==== Excerpted data ====
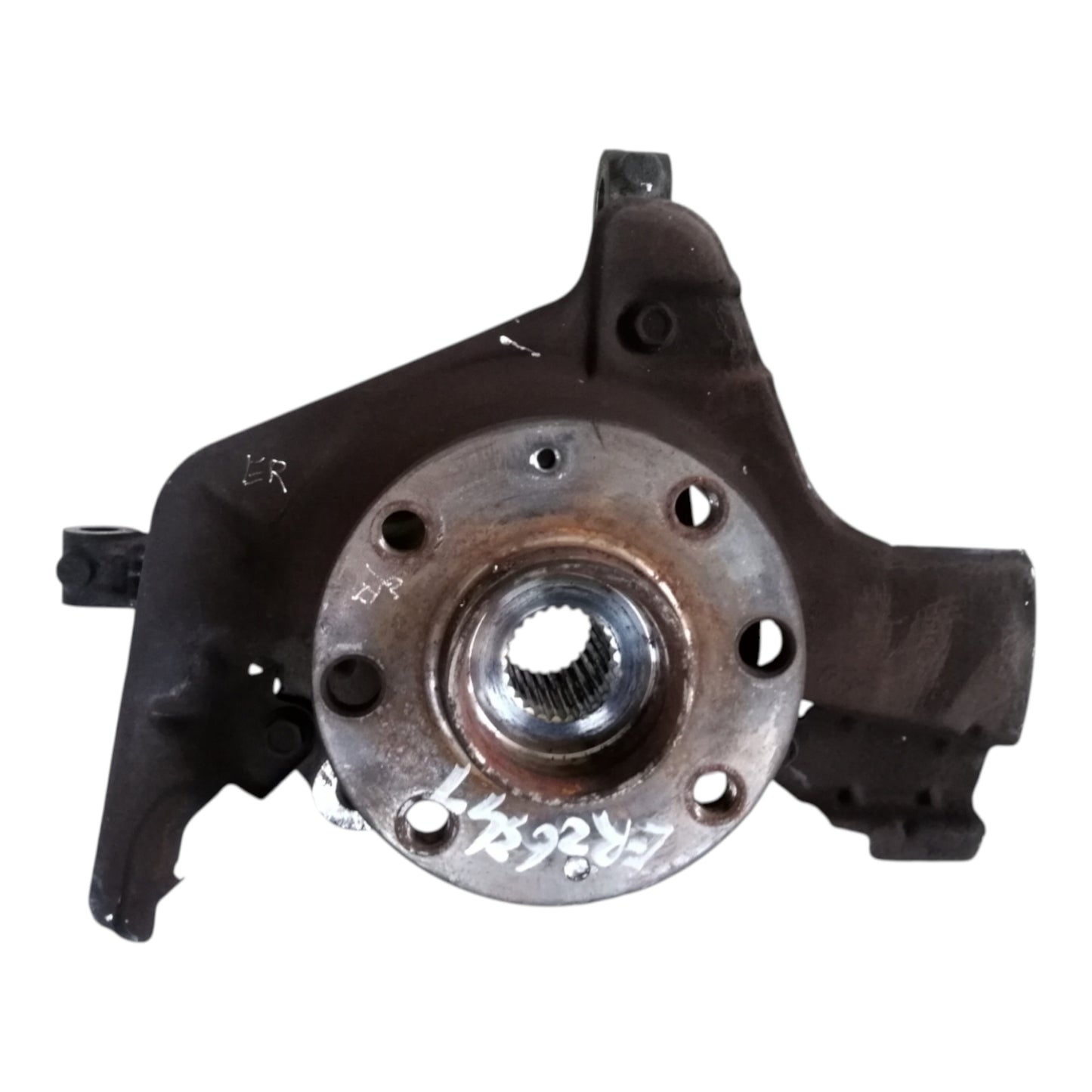Fusello Mozzo Anteriore Sinistro FIAT GRANDE PUNTO/PUNTO 3 Serie Diesel
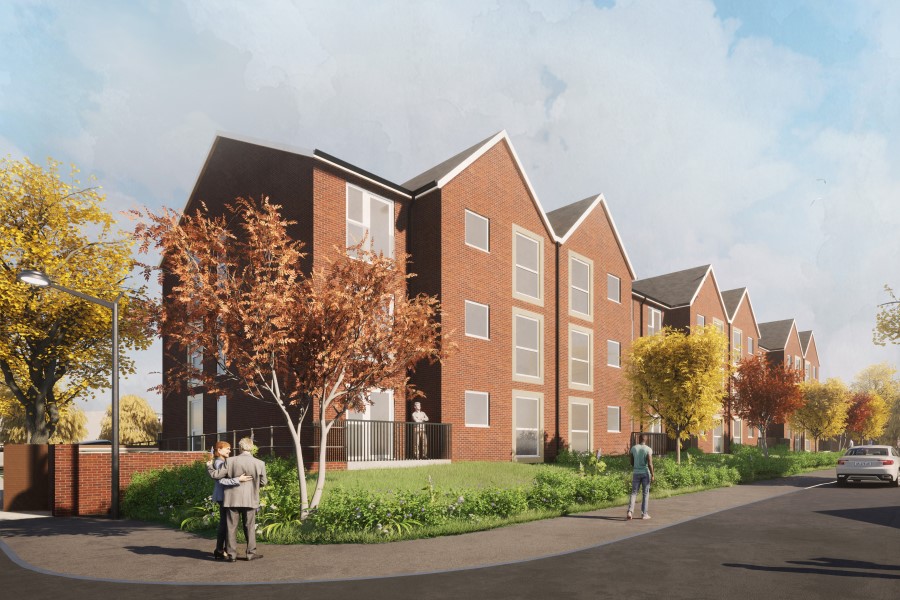 Housing 21 names all-electric Doncaster scheme 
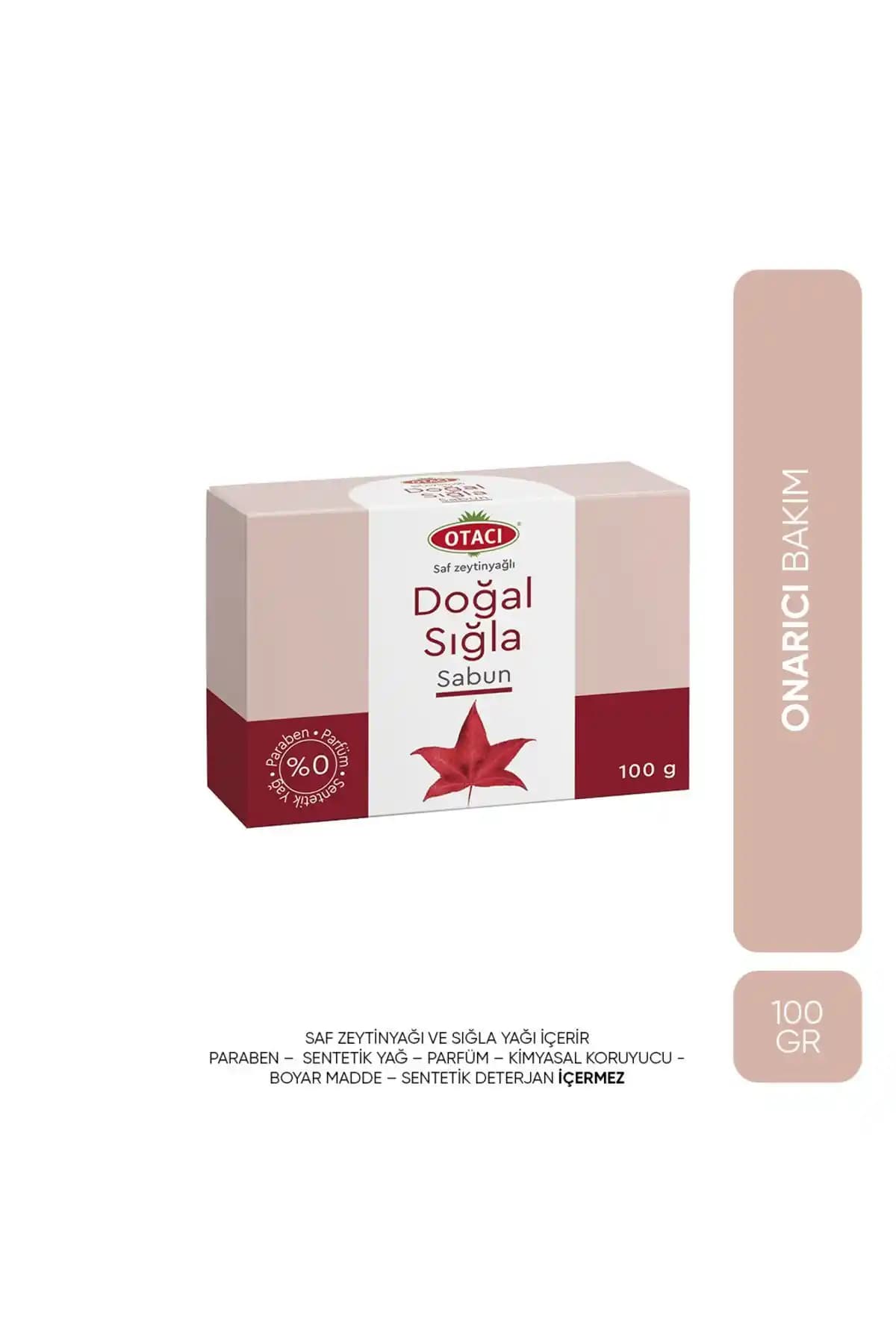 Otacı Doğal Sığla Sabunu: Doğadan Gelen Temizlik ve Bakım Çözümü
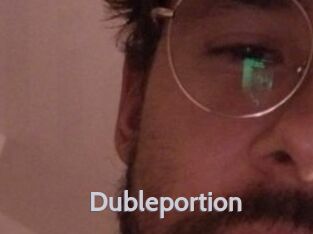 Dubleportion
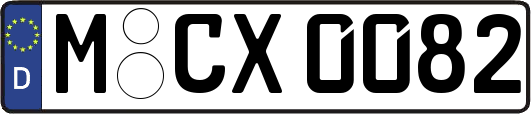 M-CX0082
====
Please repeat the listing precisely, excluding the pictures it contains.

Fusello Mozzo Anteriore Sinistro FIAT GRANDE PUNTO/PUNTO 3 Serie Diesel
 Housing 21 names all-electric Doncaster scheme 
 Otacı Doğal Sığla Sabunu: Doğadan Gelen Temizlik ve Bakım Çözümü
 Dubleportion
 M-CX0082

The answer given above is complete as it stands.